WHAT NEEDS TO BE DONE: In the data below, locate the line containing "Zore Airtag 07 Silikon Anahtarlık Pembe" and the line containing "Reversible Fabric Sectional Sofa-D1867", then retype both and everything between them exactly. Pictures are not part of the copy.

RECORDS TO PROCESS:
------------------------------------------------------------------------

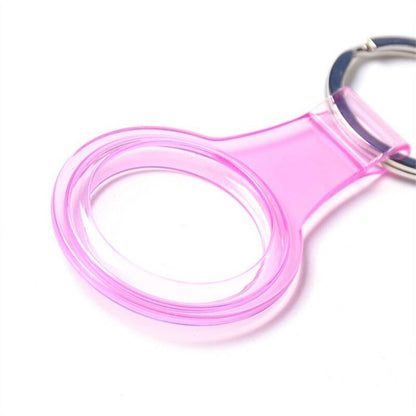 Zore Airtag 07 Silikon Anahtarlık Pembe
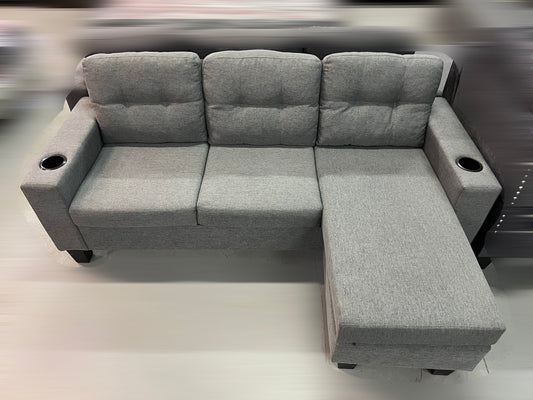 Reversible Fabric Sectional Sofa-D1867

------------------------------------------------------------------------

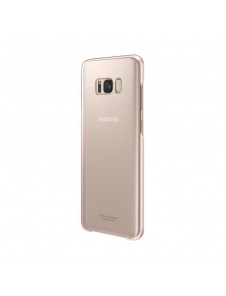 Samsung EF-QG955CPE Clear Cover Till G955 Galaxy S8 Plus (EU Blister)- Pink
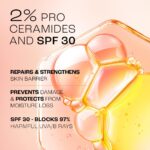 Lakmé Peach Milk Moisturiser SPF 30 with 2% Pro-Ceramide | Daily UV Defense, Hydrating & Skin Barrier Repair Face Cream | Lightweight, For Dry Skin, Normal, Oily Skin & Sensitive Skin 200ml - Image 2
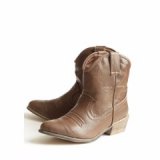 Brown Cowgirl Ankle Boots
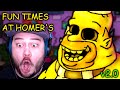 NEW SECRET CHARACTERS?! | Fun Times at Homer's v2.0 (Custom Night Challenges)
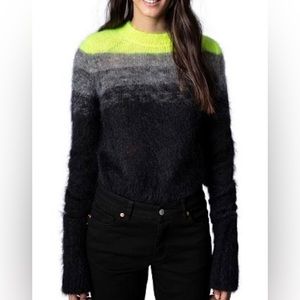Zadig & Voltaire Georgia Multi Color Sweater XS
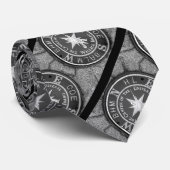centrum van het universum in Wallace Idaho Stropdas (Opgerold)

------------------------------------------------------------------------

TASK RESPONSE:
 Zore Airtag 07 Silikon Anahtarlık Pembe
 Reversible Fabric Sectional Sofa-D1867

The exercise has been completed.